An interesting result shown in our study was that two experienced observers (the radiologist and the most experienced thoracic surgeon) measured the minimum tumor diameter more frequently than the other observers. This was possibly because they may have more strictly discriminated the adjacent blood vessels and bronchi from the tumor, and excluded the secondary change such as atelectasis, inflammatory change, and other density. Furthermore, one of the moderately experienced thoracic surgeons recorded maximum diameters more frequently than the other observers, suggesting that a large judgement bias may occur due to the characteristics of the physician measuring the tumor. The less-experienced thoracic surgeon and surgical resident performed relatively average measurements in relation to the other observers.
This study has some limitations. The patient numbers were small, and the observers were mainly thoracic surgeons, with only one radiologist included because the study had been planned by the division of thoracic surgery. However, thoracic surgeons routinely perform tumor diameter measurements of lung cancer using CT images, and also contrast the CT images with post-operative pathological findings, and this may have influenced the reliability of this study. Another limitation is that, since only the axial image was used to measure the tumor diameter in this study, it was impossible to confirm its accuracy from the measured maximum diameter of the tumor in the pathological specimen. However, the purpose of this study was to assess inter-observer variability within the radiological measurement, and we consider that we could accurately assess the variability through unifying the measurement methods.
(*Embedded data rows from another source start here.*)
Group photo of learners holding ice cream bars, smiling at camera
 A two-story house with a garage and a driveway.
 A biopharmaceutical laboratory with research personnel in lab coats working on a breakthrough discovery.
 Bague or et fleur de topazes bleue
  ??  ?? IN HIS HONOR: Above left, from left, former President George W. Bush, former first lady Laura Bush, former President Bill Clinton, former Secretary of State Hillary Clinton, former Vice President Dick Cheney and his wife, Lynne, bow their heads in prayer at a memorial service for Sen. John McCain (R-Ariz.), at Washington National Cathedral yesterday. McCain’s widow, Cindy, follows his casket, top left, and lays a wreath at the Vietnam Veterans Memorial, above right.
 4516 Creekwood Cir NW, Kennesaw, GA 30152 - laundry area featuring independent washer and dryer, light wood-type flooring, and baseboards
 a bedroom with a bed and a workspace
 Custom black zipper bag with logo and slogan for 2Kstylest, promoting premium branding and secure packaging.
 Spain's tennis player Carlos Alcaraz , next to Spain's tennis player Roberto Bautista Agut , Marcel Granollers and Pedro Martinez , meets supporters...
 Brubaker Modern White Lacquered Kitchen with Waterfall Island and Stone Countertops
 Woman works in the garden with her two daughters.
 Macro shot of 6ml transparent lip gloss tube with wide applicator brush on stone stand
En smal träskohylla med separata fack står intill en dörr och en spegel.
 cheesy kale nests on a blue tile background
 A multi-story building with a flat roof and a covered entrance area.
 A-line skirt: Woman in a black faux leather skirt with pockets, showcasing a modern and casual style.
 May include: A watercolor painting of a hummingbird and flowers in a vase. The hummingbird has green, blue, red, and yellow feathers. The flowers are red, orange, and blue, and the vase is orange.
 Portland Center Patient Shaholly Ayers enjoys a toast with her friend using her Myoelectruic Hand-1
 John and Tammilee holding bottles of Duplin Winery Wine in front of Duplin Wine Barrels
Inter-observer size measurement variability of the solid component in part-solid lung adenocarcinoma was greater than those of the total size. Moreover, greater variability was shown in group I, indicating the difficulty of size measurement for low-grade malignant potential nodules such as adenocarcinoma in situ, minimally invasive adenocarcinoma, and early-stage invasive adenocarcinoma. It is important to recognize that there is a possibility of unavoidable size measurement variability when making decisions concerning surgical procedures for these diseases.
Conflicts of Interest: The authors have no conflicts of interest to declare.
Ethical Statement: The authors are accountable for all aspects of the work in ensuring that questions related to the accuracy or integrity of any part of the work are appropriately investigated and resolved. This study was approved by institutional ethics board of Shinshu University Hospital, Matsumoto, Japan (No. 3395), and the requirement for patient informed consent was waived.